一悟と静香はそんな祐人を無視して次の問題を吟味しだしている。
「問題はこの体育祭とは思えない色物競技の方だな」
「そうね。それぞれに配点が高くて優勝を目指すならこの辺は無視できない。それで特にこれよ」
そう言って静香は体育祭のパンフレットに乗っている一つの競技を指さした。
「ああ、これだ。『戦友は担任! バーチャル異種武道大会』って何なんだ。優勝に配点が500点って異常すぎる。しかも概要を読んでみると余計に訳が分からん」
『担任と生徒が組んで戦うバーチャル空間! 格闘ゲームをリアルに再現した最新技術を体験しよう!』
〇概要
参加者:担任に指名された生徒と担任の十八チームでトーナメント。
生徒と担任は二人一組でSO・NYエンターテイメントの協力の超最新ゲームで戦います。ゲームの中から好きな戦闘スタイルを選んでバーチャル空間で戦ってもらいます。
その戦闘はなんと超高解像度ホログラム映像でまるで本物のように見えます。まるでファンタジーな戦いをみんなでお応援しよう!
戦闘スタイル例……剣士、拳士、魔法使い、などなど、スタイルの種類は無限にあります。
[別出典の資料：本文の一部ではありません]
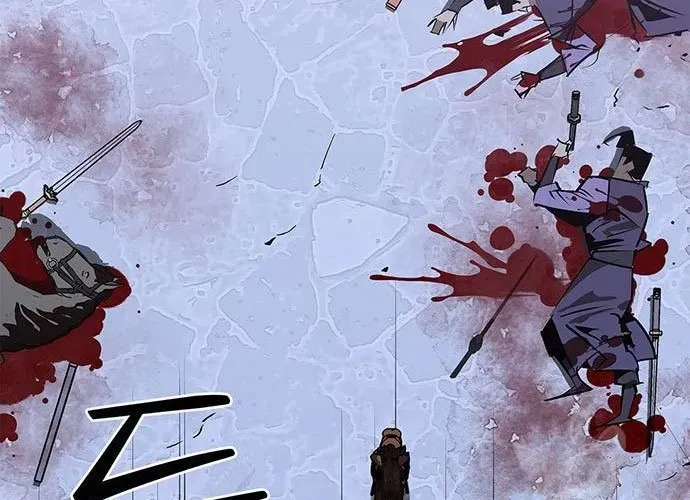 Võ Học Miền Viễn Tây Chap 42 - Next Chap 43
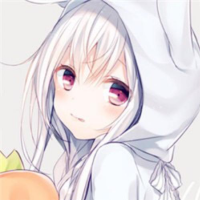 窗外明媚的阳光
「うわぁ。これ、書いた通りなら本当に凄そうだね! SO・NYエンターテイメントが協賛しているとなると超期待しちゃうよ」
ゲームが好きな優太は目を輝かせている。
「担任が指名ということだから美麗先生が決めた生徒ってことよね?」
「うん、そういうことだよな。まだ美麗先生は聞いてないから明日、聞いてみるよ」
「分かった。あ、ごめん! 私は部活があるから今日は抜けるね。次回から全部参加するから」
「ああ、分かった。こっちはとりあえず今日中に競技ごとの参加者を決めておくわ」
「堂杜君、新木君もごめんね! じゃあ」
静香は手を合わせてそう言うと部屋を出て行った。
「うん、分かった」
「水戸さん、またね」
一悟は静香が出て行った方向をジーと見つめながら腕を組んで黙り込む。
「どうしたの? 一悟」
「読めん。どういうことだ?」
「何が?」
「水戸さんだよ。俺の予想では白澤さんを第一に考えているはずなんだが、このノートな。黙ってはいたが俺も調査を入れていた内容と同じところが多々あるんだ。すべてではないからそれ以外の情報は分からんが大事なのはここだ」
「うん? あ、これ茉莉ちゃんと同じ青チームの情報だ! これを出してくるっていうことはⅭ組連合にもしっかり警戒しているじゃない」
「うーむ、分からん。何を考えているんだ。たしかに情報戦や裏からのうちのクラスメンバーへの仕掛けは俺と水戸さんがいればほとんど躱せる。これは罠か? いやもしくは大事なことは書いていない? いやいや、虚実を交えて俺の判断を狂わせて白澤さんのチームに有利なように誘導させて……」
「ねえ、一悟の考えすぎだったんじゃない? 水戸さんもやっぱり自分のクラスのために動いててくれたんだよ」
「うん! きっとそうだよ! 良かったぁ、水戸さんがいれば心強いもんね」
「まったく、そんな単純なら俺も悩まねーよ。はあ、仕方ない……俺だけでも警戒しておくしかないな。どちらにせよ、化かし合いや腹芸に関してお前たちは戦力外だからな。俺が踏ん張るしかない。一年のクラスでこの辺がしっかりしているのはニイナさんくらいか。ああ、もう! 考えることが多すぎんだよ」
そう言うと一悟は天を仰いだ。
「……みたいなこと考えているんだろうなぁ、袴田君。まあ、すべて間違いではないけどね」
剣道着に着替えた静香は茉莉に向かって苦笑いした。
「いいの? こんな大事な情報が書いてあるノートもらっちゃって。調べるの大変だったんでしょう?」
「うん、いいよ。それは袴田君にあげたノートとまったく同じ内容だからね」
「ありがとう。全部目を通して頭に叩き込んでおくわ」
「茉莉、前にも言ったけど私の茉莉への友情としての行動はここまで。これからは全力でⅮクラスのために動くからね」
「ふふふ、袴田君のため、でしょう?」
茉莉がニヤニヤして言うと静香は「うっ」と顔を赤らめるが、すぐに諦めたように恥ずかしさを隠さずに肯定した。
「うん……そうかな」
「これは愛だね。本人に気づかせないようにしているのが静香らしいけど」
「よく言うよ。茉莉だって堂杜君の家に行くために全力投球のくせに」
「もちろんよ。私、今回は絶対に勝って祐人の家に住んで、色々とお世話して、それで、それで……祐人の生活を助けてあげて、それで、それで……」
茉莉は頬を染めてモジモジし始める。
「ふふーん、エロいなぁ、茉莉は。これが吉林高校一年を代表する才女の姿とはね」
「な、誤解よ。私は祐人の側で少しでも支えてあげたいだけよ」
「でも私も負けないよ。私も袴田君をこの体育祭で一番の功労者に仕立てるっていう目標があるんだからね」
「例年、この体育祭で活躍したり名が売れると高確率で大学の推薦枠をもらえる。それを袴田君に手に入れさせようなんて静香もすごいこと考えるわよね」
「袴田君って頭良いのにどこか脱力系だから三年になって受験やめるとか平気で言いそうだと想像しちゃうんだよ。私はやっぱり袴田君に実力に伴ったところに行ってほしいの」
「それでその大学に静香も行こうって頑張るのよね。なんか遠回りしすぎな気がするけど。それなら告白して付き合って同じ大学に行こう! って言えばいいだけじゃない?」
「駄目、まだ無理」
静香が珍しく声が小さく耳を真っ赤にした。
「じゃあ、いつならいいのよ」
「わ。分からないよ。高校の間では駄目かもしれない」
「だから大学も同じ学校に通って告白できるまで時間を稼ぐって……しかも袴田君を高評価するあまりに良い大学の推薦枠を取らせたい。恋愛で大失敗している私が言うのはなんだけど……静香も結構、面倒な性格しているわよね」
「むう。し、仕方ないよ。だって全然、自信が湧かないんだもん」
「そうかなぁ、お似合いな二人にしか見えないけどな」
「お似合いでも成功するかは別でしょ。と、とにかく私にも目的があるし茉莉を親友として応援しているの。だからこのノートで義理は果たす。それで今後は私は自分のために頑張るからね!」
「分かったわ。これからはお互いに自分のために頑張りましょうね、静香」
「うん、負けないよ、茉莉」
二人はにっこりと笑って握手を交わした。